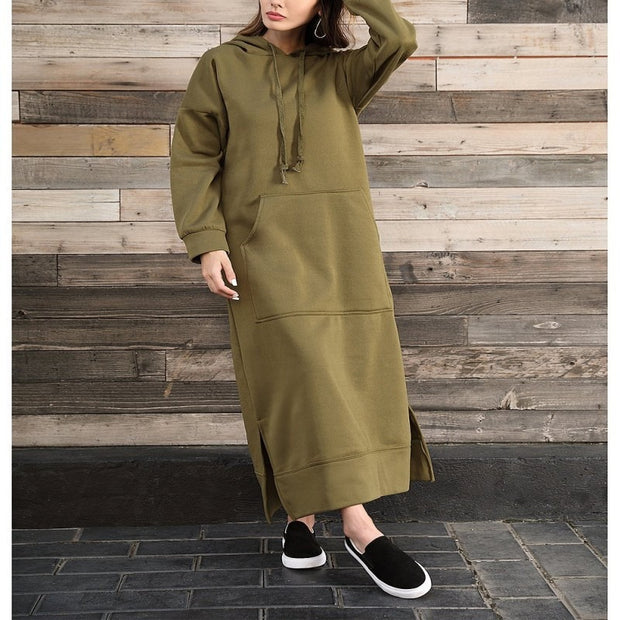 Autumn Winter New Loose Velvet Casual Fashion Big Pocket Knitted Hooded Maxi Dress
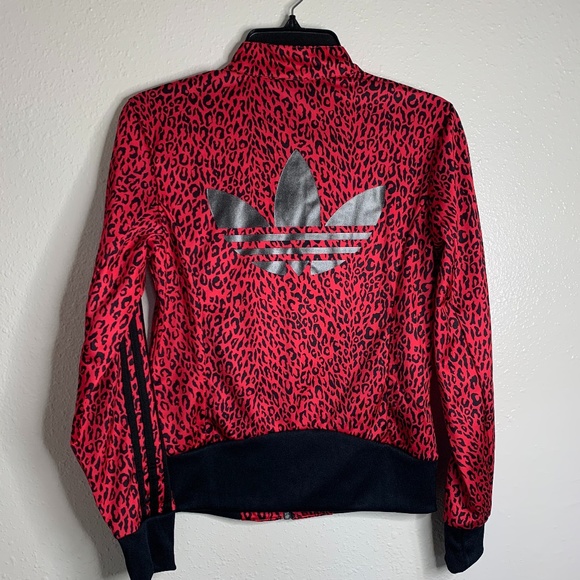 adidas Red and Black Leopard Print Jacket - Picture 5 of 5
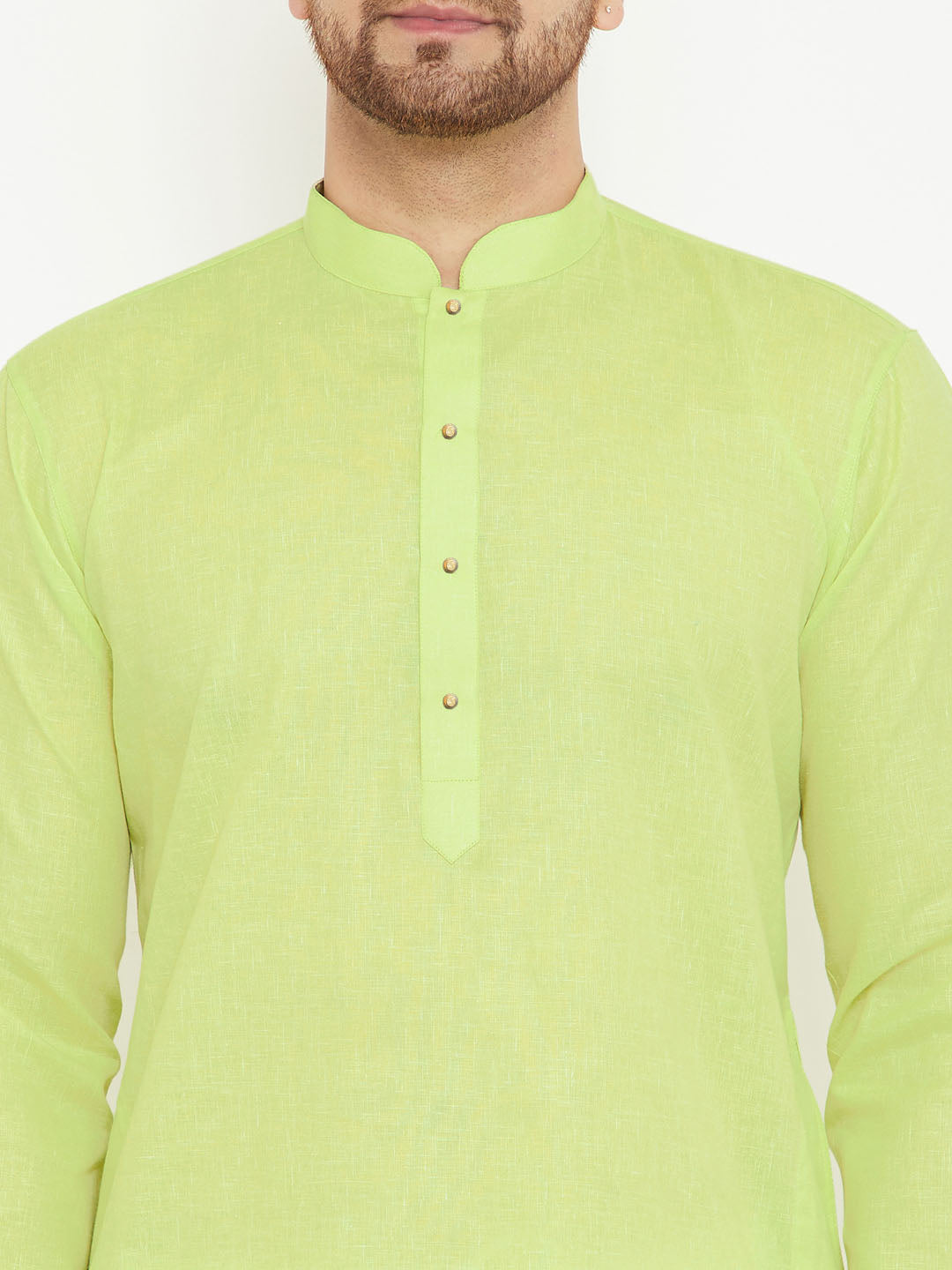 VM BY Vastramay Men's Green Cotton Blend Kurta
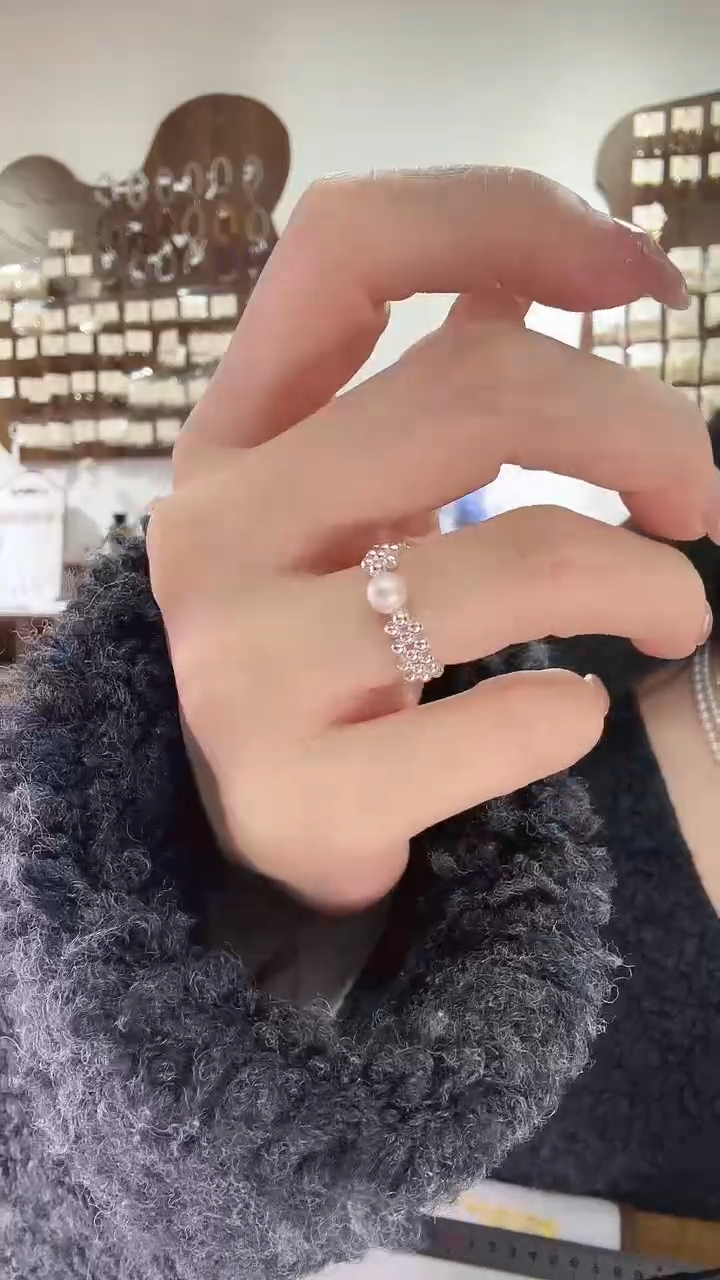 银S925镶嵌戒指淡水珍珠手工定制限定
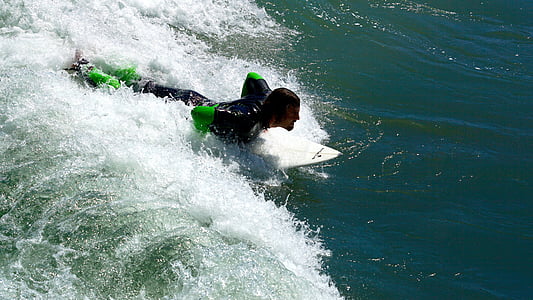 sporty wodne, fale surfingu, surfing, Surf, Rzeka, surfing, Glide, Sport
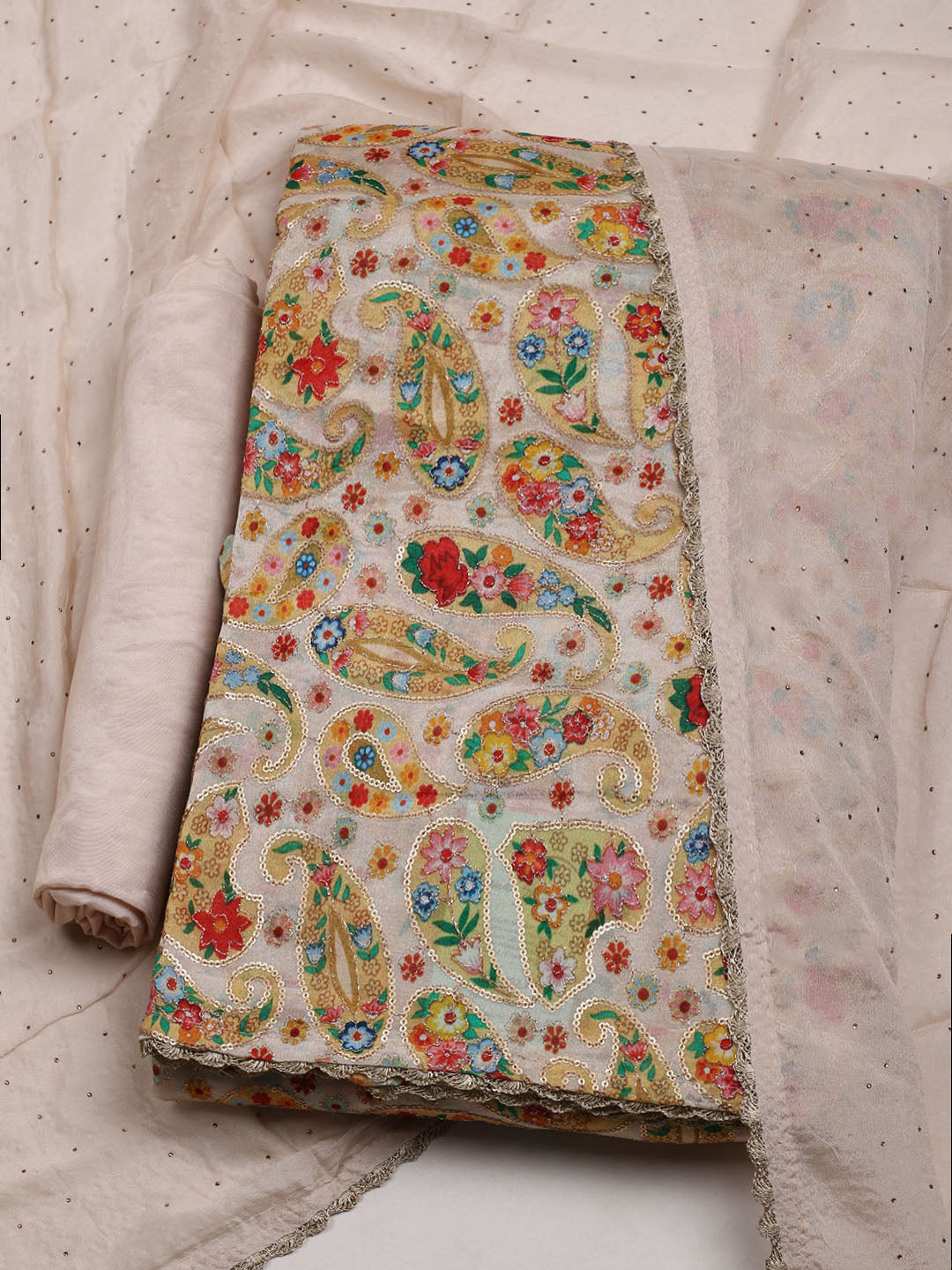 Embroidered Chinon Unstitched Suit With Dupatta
§
Task statement: Without the pictures, reproduce the entries exactly.

Output for this task:
 Autumn Winter New Loose Velvet Casual Fashion Big Pocket Knitted Hooded Maxi Dress
 adidas Red and Black Leopard Print Jacket - Picture 5 of 5
 VM BY Vastramay Men's Green Cotton Blend Kurta
 银S925镶嵌戒指淡水珍珠手工定制限定
 sporty wodne, fale surfingu, surfing, Surf, Rzeka, surfing, Glide, Sport
 Embroidered Chinon Unstitched Suit With Dupatta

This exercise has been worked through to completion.